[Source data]
= = = = = = =

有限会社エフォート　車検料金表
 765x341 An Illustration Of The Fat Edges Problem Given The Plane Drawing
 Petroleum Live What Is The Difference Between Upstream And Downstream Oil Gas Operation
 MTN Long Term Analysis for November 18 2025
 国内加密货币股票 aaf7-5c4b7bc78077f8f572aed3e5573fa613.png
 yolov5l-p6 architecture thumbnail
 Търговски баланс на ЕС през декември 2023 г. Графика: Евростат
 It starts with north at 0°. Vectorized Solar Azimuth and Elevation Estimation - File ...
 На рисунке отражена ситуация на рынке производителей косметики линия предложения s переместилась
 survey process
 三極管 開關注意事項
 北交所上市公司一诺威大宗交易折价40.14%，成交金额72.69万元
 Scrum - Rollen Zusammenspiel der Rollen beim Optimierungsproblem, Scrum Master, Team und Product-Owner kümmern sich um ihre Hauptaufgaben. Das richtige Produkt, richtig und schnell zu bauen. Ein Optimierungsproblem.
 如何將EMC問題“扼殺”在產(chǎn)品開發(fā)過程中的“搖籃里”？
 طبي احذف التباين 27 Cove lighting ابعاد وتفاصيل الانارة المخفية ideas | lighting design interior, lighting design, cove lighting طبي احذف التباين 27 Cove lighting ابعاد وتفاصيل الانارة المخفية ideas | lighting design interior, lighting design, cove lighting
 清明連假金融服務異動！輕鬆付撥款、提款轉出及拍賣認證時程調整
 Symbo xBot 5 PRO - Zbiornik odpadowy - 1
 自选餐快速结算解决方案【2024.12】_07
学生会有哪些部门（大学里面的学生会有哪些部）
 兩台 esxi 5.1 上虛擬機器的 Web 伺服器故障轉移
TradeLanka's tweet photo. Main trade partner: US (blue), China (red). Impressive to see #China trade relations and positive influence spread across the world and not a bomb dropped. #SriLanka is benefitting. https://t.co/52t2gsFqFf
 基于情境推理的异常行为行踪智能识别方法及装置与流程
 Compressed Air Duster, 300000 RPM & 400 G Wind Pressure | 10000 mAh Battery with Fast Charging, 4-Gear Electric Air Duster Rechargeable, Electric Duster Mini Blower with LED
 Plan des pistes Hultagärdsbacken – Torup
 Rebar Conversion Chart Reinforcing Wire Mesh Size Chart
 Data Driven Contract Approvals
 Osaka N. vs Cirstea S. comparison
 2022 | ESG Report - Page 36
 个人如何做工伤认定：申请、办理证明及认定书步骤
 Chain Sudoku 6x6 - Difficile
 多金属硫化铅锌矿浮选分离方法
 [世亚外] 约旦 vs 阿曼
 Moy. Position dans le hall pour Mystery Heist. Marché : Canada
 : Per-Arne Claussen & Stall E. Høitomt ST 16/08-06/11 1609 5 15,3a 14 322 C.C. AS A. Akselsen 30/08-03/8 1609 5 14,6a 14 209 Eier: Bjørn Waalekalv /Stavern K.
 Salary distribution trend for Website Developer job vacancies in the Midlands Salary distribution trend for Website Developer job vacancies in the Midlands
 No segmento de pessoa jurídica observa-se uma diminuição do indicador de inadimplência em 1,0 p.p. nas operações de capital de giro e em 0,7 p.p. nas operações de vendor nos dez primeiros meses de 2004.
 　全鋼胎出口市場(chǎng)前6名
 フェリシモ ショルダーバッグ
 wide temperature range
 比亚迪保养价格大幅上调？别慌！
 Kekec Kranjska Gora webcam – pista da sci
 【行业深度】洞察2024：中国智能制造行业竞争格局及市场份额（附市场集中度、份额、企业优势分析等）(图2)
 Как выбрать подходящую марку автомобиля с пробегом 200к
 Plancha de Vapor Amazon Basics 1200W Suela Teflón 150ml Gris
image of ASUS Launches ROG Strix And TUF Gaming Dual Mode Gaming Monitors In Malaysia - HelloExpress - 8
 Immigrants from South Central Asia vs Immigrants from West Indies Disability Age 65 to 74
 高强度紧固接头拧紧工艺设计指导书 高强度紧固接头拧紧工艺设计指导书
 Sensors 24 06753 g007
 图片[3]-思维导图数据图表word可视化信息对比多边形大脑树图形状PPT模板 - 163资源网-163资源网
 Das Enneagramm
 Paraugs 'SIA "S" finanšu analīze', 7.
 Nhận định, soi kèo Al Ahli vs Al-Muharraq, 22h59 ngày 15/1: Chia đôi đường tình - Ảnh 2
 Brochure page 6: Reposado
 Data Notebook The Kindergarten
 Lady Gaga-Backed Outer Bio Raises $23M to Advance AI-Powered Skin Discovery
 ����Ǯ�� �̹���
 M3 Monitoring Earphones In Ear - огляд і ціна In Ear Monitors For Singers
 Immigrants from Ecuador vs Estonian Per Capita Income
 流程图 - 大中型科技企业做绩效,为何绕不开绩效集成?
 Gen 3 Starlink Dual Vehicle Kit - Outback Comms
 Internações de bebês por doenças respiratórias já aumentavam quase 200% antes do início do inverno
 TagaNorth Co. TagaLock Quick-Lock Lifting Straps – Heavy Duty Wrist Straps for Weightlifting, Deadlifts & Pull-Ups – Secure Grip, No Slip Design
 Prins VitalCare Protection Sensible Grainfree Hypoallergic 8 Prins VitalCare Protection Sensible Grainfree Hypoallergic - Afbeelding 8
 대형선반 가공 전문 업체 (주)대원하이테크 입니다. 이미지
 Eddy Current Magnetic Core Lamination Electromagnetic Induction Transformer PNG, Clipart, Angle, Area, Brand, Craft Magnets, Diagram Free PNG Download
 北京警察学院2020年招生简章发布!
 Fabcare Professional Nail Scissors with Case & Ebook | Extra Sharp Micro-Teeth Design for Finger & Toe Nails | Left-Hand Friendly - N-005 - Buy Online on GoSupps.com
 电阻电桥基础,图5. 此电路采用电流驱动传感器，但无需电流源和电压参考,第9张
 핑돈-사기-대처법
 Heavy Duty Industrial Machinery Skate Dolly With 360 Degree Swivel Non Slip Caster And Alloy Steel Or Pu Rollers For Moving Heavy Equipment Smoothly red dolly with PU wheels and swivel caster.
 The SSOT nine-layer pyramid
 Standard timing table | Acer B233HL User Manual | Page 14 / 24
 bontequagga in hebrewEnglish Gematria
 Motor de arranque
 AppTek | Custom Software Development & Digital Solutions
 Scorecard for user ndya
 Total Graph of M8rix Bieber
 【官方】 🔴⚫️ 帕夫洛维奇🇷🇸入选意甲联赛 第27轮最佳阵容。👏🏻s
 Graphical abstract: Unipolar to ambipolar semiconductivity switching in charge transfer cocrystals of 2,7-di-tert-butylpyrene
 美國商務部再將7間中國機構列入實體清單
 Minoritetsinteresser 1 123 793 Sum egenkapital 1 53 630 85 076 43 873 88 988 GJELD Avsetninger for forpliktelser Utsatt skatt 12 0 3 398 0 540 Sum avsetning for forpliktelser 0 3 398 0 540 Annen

= = = = = = =

In the entries above, find the line with "2022 | ESG Report - Page 36" and the line with "the Midlands Salary", then restate word for word both of them and every line between, with nothing more.

▶ Output of the exercise
 2022 | ESG Report - Page 36
 个人如何做工伤认定：申请、办理证明及认定书步骤
 Chain Sudoku 6x6 - Difficile
 多金属硫化铅锌矿浮选分离方法
 [世亚外] 约旦 vs 阿曼
 Moy. Position dans le hall pour Mystery Heist. Marché : Canada
 : Per-Arne Claussen & Stall E. Høitomt ST 16/08-06/11 1609 5 15,3a 14 322 C.C. AS A. Akselsen 30/08-03/8 1609 5 14,6a 14 209 Eier: Bjørn Waalekalv /Stavern K.
 Salary distribution trend for Website Developer job vacancies in the Midlands Salary distribution trend for Website Developer job vacancies in the Midlands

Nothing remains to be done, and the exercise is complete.